Vóór 1870 was Breda nog omgeven door vestingwerken. De oppervlakte van de stad was toen niet groter dan je nu als eng binnen de singels zou kunnen aanduiden. De vestingwerken hebben door de eeuwen heen voor Breda veel vijanden tegengehouden. Tal van keren is Breda belegerd en probeerde men haar verzet te breken door aanvallen of uithongering. Het mag duidelijk zijn dat ook Ginneken nauw bij dergelijke ontwikkelingen betrokken werd.

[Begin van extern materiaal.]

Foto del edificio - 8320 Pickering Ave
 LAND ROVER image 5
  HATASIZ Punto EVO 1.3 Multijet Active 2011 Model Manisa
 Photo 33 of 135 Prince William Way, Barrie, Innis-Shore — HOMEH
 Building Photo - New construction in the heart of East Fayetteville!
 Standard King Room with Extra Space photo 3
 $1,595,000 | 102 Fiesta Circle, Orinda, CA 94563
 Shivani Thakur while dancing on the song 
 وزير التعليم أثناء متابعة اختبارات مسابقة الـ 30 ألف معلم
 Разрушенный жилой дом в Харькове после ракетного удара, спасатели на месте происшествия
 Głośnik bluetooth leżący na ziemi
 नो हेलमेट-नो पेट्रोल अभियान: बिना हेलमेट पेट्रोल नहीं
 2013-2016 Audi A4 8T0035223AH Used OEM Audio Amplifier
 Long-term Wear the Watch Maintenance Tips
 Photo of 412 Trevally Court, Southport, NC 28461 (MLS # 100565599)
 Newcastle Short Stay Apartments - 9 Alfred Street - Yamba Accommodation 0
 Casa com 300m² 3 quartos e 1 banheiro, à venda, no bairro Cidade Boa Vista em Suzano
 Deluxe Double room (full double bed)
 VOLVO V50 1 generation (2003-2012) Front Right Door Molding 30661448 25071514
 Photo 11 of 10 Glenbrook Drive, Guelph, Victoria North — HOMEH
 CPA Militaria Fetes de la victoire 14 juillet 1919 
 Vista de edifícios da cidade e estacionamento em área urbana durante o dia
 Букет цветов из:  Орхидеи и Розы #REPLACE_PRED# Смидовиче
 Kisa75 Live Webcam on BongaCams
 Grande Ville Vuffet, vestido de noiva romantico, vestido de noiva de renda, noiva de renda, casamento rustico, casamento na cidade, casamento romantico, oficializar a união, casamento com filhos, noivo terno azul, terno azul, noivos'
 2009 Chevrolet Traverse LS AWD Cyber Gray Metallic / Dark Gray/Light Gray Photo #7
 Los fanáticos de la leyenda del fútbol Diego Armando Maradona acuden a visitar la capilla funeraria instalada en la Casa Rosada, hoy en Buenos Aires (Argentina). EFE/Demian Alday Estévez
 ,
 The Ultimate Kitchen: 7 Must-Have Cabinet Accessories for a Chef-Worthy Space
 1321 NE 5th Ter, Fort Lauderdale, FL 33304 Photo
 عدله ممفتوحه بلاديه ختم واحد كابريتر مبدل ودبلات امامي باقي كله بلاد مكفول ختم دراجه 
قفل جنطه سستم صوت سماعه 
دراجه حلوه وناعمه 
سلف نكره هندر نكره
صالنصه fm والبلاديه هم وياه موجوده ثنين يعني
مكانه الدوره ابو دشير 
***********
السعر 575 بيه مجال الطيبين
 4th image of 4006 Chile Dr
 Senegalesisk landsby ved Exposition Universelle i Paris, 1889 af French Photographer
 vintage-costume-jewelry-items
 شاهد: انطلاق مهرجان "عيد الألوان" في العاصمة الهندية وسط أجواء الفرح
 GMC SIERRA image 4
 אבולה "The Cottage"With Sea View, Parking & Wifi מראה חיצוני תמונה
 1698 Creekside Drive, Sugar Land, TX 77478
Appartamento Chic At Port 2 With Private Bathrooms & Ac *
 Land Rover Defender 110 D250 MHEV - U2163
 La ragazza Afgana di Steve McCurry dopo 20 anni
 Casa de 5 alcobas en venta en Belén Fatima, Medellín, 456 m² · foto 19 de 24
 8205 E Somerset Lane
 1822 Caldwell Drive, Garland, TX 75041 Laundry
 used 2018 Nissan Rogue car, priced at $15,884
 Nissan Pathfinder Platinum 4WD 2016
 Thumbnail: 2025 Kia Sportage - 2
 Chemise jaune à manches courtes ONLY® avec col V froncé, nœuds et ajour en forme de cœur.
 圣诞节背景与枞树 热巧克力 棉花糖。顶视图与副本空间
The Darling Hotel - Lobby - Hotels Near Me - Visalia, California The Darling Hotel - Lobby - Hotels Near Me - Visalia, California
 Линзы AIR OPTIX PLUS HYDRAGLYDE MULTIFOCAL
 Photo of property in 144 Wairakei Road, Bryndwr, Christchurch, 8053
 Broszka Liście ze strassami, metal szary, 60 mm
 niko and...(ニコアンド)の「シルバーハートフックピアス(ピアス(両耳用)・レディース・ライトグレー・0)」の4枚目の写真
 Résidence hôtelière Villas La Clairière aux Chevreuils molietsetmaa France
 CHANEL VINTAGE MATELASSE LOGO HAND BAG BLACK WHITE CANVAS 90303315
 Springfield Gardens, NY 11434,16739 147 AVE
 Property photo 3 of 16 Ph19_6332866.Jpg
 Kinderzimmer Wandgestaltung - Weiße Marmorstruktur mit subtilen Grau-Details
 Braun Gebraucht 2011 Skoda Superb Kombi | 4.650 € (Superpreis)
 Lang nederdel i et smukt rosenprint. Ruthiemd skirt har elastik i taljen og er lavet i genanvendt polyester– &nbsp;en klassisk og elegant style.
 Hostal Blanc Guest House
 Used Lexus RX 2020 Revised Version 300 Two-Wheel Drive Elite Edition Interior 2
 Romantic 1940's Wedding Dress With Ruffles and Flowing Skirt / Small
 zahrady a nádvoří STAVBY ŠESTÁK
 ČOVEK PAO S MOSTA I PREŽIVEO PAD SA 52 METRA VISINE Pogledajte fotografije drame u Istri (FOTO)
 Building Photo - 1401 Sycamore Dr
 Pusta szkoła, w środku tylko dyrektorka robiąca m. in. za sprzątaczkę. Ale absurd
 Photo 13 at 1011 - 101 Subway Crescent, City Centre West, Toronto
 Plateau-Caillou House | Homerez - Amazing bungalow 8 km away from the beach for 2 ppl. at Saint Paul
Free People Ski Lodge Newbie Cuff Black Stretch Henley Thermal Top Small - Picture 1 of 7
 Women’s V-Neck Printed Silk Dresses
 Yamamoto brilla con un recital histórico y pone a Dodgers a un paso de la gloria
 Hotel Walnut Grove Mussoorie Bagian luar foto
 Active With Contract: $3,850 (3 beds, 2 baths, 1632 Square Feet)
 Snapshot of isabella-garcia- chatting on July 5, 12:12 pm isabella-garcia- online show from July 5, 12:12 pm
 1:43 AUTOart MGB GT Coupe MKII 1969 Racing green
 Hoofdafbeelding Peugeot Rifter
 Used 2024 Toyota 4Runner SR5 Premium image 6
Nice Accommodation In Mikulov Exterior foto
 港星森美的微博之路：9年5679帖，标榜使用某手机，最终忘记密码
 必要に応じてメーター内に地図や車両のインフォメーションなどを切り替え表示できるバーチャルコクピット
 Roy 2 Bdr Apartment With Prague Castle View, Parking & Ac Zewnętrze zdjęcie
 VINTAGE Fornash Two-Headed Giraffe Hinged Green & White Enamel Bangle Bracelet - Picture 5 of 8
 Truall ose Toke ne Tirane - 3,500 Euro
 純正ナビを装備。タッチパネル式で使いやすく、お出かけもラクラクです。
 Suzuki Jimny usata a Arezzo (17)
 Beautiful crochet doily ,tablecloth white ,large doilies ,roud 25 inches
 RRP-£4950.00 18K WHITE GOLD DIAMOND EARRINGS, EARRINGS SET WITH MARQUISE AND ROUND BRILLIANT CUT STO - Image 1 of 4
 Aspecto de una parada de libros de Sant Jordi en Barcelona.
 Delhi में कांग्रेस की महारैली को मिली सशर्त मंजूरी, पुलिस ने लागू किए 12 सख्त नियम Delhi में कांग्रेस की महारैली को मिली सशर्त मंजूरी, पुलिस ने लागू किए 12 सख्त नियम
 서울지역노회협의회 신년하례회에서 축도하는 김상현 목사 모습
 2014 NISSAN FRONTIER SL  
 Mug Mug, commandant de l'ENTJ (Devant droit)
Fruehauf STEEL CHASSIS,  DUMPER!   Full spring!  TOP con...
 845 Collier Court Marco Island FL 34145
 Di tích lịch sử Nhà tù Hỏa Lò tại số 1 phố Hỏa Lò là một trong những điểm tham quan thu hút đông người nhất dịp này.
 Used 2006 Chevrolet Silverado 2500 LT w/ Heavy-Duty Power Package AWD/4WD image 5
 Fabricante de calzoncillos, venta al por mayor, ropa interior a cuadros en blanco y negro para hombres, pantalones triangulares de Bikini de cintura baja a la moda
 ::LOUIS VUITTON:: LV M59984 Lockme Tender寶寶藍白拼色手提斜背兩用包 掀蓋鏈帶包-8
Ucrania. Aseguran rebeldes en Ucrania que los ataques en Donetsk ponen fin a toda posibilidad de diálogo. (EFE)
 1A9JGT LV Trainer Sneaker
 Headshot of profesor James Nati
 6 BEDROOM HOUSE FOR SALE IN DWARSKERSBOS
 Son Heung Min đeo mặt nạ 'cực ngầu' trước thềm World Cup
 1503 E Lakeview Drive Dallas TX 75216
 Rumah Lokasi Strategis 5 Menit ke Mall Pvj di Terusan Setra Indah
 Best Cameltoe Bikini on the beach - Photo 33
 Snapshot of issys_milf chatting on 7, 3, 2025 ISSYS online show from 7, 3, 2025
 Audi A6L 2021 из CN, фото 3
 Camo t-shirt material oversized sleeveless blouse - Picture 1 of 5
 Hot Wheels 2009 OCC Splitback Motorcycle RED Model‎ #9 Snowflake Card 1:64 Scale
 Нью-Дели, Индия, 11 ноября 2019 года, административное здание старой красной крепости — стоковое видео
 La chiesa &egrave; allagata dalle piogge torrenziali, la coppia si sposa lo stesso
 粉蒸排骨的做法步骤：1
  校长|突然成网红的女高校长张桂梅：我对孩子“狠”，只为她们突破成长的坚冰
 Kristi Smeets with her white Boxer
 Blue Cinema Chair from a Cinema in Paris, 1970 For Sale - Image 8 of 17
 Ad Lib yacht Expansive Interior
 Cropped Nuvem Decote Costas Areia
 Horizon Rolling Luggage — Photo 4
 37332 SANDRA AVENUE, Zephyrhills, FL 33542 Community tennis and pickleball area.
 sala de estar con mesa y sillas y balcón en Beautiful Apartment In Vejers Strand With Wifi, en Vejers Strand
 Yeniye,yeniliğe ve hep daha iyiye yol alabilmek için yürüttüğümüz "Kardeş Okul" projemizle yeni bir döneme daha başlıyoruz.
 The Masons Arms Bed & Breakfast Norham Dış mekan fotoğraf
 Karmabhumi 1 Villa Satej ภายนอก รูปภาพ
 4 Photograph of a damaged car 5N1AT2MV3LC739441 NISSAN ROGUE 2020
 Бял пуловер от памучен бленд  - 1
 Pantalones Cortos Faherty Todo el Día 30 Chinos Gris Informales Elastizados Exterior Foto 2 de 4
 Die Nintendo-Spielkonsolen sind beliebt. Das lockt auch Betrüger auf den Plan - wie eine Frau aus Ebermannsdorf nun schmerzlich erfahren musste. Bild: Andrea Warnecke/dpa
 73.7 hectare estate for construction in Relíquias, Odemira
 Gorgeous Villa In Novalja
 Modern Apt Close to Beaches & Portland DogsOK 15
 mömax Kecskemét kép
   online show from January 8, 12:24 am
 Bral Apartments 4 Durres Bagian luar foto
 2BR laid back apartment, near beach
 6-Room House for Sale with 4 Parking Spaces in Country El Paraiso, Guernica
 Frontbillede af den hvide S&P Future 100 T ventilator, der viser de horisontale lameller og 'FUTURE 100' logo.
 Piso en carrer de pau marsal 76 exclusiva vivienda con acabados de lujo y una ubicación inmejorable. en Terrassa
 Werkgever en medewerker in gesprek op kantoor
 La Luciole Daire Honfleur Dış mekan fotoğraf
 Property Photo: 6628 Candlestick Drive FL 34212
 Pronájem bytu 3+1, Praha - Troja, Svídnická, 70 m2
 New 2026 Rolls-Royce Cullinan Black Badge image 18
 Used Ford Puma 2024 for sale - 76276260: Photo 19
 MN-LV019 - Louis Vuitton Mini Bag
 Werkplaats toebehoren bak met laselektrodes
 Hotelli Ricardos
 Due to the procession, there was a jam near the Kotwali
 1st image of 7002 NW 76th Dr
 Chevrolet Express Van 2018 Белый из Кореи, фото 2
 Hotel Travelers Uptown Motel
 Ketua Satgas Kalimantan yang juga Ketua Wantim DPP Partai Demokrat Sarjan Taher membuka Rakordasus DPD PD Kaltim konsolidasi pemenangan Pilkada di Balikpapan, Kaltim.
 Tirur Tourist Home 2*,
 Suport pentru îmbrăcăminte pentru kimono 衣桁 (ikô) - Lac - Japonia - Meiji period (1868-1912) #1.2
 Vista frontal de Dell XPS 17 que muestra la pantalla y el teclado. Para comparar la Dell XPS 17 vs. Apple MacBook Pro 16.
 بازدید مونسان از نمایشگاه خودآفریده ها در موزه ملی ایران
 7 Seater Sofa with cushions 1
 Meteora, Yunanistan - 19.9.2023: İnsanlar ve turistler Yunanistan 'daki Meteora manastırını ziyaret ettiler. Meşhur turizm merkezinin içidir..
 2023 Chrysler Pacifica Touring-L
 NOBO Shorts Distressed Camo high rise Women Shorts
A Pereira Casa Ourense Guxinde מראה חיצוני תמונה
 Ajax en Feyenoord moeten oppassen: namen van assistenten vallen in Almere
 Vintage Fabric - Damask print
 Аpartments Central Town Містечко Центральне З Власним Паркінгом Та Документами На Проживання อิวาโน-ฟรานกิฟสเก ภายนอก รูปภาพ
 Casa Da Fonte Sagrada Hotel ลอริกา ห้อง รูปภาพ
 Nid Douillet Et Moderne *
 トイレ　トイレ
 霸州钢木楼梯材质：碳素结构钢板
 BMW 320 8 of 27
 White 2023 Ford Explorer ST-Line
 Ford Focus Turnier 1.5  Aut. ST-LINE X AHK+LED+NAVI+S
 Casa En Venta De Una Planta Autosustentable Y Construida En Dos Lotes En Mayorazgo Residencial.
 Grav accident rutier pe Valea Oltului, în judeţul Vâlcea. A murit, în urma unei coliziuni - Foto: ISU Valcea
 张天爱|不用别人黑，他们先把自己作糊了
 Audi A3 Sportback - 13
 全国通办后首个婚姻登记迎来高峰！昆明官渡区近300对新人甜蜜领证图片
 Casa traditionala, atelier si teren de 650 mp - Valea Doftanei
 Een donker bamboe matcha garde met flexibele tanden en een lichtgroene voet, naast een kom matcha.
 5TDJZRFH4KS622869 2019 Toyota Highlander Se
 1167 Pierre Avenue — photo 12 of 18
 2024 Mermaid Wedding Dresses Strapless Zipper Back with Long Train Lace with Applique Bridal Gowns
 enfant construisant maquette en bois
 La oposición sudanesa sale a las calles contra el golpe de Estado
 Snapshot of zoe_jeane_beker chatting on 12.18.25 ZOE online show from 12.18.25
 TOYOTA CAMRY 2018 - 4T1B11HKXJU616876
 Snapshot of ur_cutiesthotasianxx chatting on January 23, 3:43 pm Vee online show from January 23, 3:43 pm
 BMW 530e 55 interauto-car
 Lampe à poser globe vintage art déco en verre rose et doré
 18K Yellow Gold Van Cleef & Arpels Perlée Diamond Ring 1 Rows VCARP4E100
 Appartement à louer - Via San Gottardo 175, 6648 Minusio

Dit verhaal begint in 1512, toen door de landmeter Meerten Thonijsz. van Ooitgensplaat te Breda de eerste ontwerpen werden ingediend voor de aanleg van nieuwe vestingwerken voor de stad. Rond die tijd (1538) ontstonden in Breda ook namen als de Ginnekenstraat en de Ginnekenpoort (Ghynnekenspoort). De laatste was een stadspoort die doorgang door de vestingwerken verleende in de richting van het dorp Ginneken. De Ginnekenpoort was gelegen (midden op) waar nu het Van Coothplein is.

Roverijen en plunderingen rond Ginneken vonden dagelijks plaats…

Een en ander duidt er op, aldus de historicus A. Hallema later, dat de heerbaan vanuit Breda, voor het vervoer van personen en goederen, het eerst op Ginneken was gericht. Doch de tijden toen waren niet zonder risico's. Roverijen en plunderingen bracht menig reiziger en goederentransport in groot gevaar en niet zelden ontaardde dat in een kleine ramp. Bewoners van alleenstaande boerderijen hadden erg te lijden onder het gespuis, dat zich op en rond de wegen van Breda bevond. Nog veel kritieker werd de toestand voor Ginneken als Breda werd belegerd. Toen de Spanjaarden onder Alva de Nederlanden kwamen bezetten, dus ook Breda, kreeg de stad in 1568 een (in huur) Italiaanse ruiterbende binnen de muren.

Werklieden uit de dorpen Ginneken, Princenhage en Teteringen werden opgecommandeerd om aan de vestingwerken van de stad te werken. Het kwam een tiental jaren later zelfs zo ver, dat ook de inwoners van de dorpen rondom Breda, waaronder Ginneken, moesten meebetalen om de Bredase vestingwerken te kunnen onderhouden. Deze verplichting heeft geduurd tot in de 17e eeuw. Er bestaan documenten waarin is te lezen dat Ginneken in 1578 zo'n 260 gulden op tafel moest leggen voor het mee aanleggen van nieuwe bastions in de vestingwerken, waaronder een bij de Ginnekenpoort. Ook deinsde men er niet voor terug, zoals in 1581 op last van de Prins van Oranje, de dorpsklokken van Ginneken, Bavel, Princenhage en Teteringen op te vorderen.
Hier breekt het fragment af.